|WASHINGTON, D.C. — Today, the National Alliance for Public Charter Schools released its annual state-by-state ranking of charter public school laws, Measuring Up to the Model: A Ranking of State Charter Public School Laws, Eighth Edition. Pennsylvania ranked 31st in this year’s report. While Pennsylvania’s law does not contain a cap on charter public school growth and provides adequate autonomy to charters, it primarily allows local school district authorizers and provides insufficient accountability and inadequate funding to charters.
“This year marks the 20th anniversary of the enactment of Pennsylvania’s Charter School Law, and the Keystone Alliance is pleased to celebrate this important milestone. Although the number of brick-and-mortar charter schools has grown to more than 160 and enroll nearly 100,000 students, additional high-quality public charter schools are needed to meet the growing number of students who are on charter school waiting lists,” said Tim Eller, executive director at Keystone Alliance for Public Charter Schools. “Although the vast majority of brick-and-mortar charter schools are meeting the academic and educational needs of students and their families, Pennsylvania’s Charter School Law is in need of being updated to reflect public education in the 21st century. The Keystone Alliance continues to work with the Pennsylvania General Assembly to update the state’s Charter School Law to ensure that public charter school students are appropriately funded and are served by high-quality, accountable and transparent public charter schools.”
The 2017 rankings are the first that measure each state’s charter school law against the National Alliance’s updated model charter school law, New Model Law for Supporting the Growth of High-Quality Charter Public Schools: Second Edition, which was released in October 2016. These rankings reflect new provisions from the model charter school law regarding flexibility, accountability, and equity.
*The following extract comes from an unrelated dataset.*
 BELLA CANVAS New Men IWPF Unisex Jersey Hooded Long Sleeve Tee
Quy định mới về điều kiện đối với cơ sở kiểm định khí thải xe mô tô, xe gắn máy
“The fact that Pennsylvania drops from 27th last year to 31st this year in this comparison comes as no surprise to the charter schools in Pennsylvania. There have been no significant changes to the original charter school law since 1999 and many states have either passed new laws or improved the ones they have. For years, PCPCS has been advocating for charter reform legislation which would bring Pennsylvania into the 21st century, but it has consistently failed to pass the legislature. PCPCS will continue to advocate to improve the law during the 2017-18 legislative session in order to strengthen the charter school movement and, in turn, improve choice for parents, high-quality options for children, and accountability for taxpayers,” said Ana Meyers, executive director at Pennsylvania Coalition of Public Charter Schools.
Measuring Up to the Model: A Ranking of State Charter Public School Laws, Eighth Edition ranks the charter school laws in 43 states and the District of Columbia. Each law receives a score based on 21 essential metrics, which include flexibility, accountability, and equity. These 21 components are drawn from the National Alliance’s New Model Law for Supporting the Growth of High-Quality Charter Public Schools: Second Edition.
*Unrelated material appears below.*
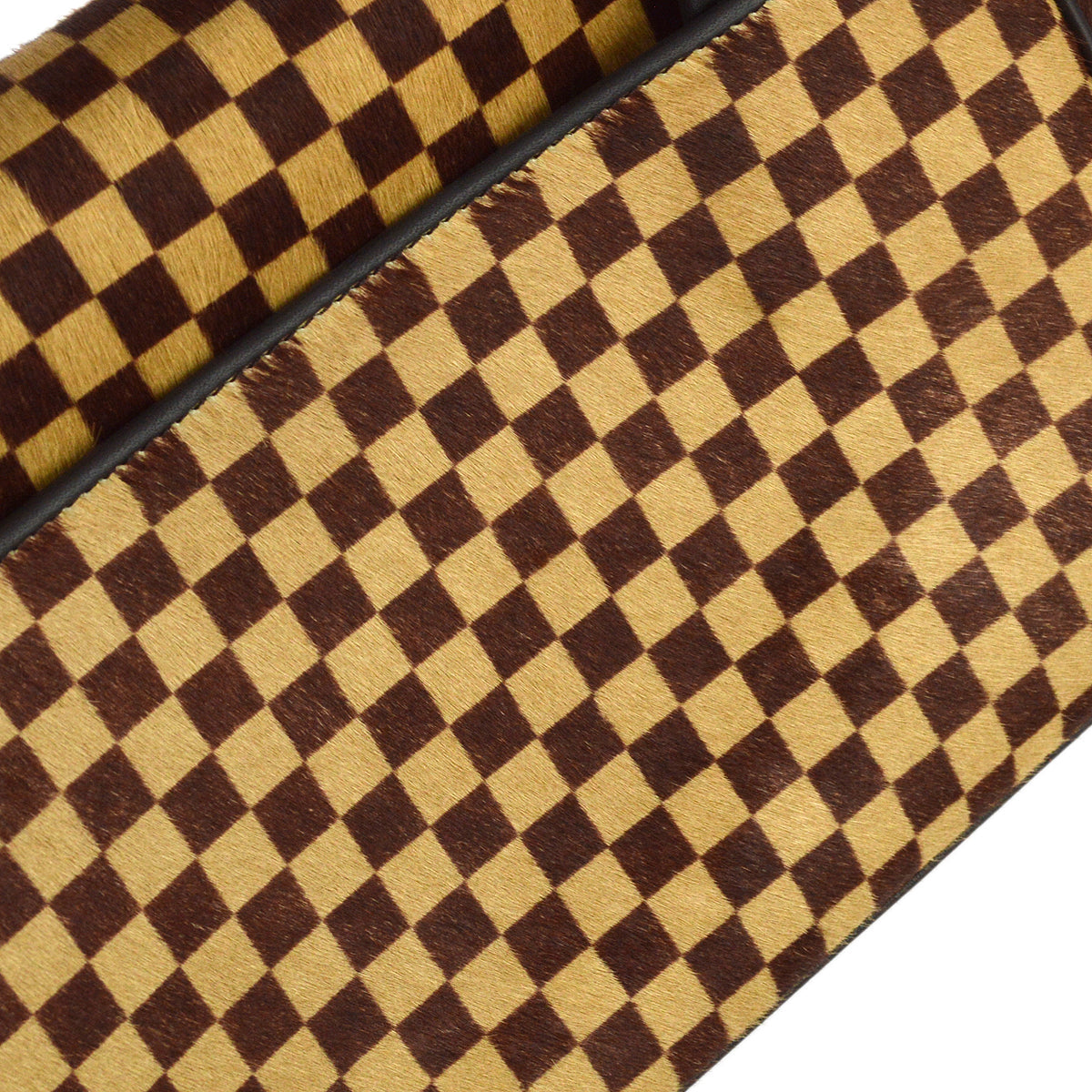 Louis Vuitton 2001 Damier Sauvage Lion HandBag M92131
Key findings from the report include:
- Indiana has the nation’s strongest charter school law in the country for the second year in a row. Indiana’s law does not cap charter school growth, includes multiple authorizers, and provides a fair amount of autonomy and accountability.
- Washington became the newest addition to the rankings in 2017, having passed legislation that re-established its charter school law after the Washington Supreme Court declared its previous law invalid, becoming the 44th jurisdiction (43 states and D.C.) with a charter school law.
- Mississippi made major improvements to its law by now allowing students in school districts rated C, D, or F to cross district lines to attend a charter school and permitting charter school employees to participate in the state retirement system and other benefits programs.
- Maryland continues to hold the lowest spot, ranking 44th with the weakest charter school law in the country. While Maryland’s law does not cap charter school growth, it allows only local school district authorizers and provides little autonomy, insufficient accountability and inequitable funding to charter schools.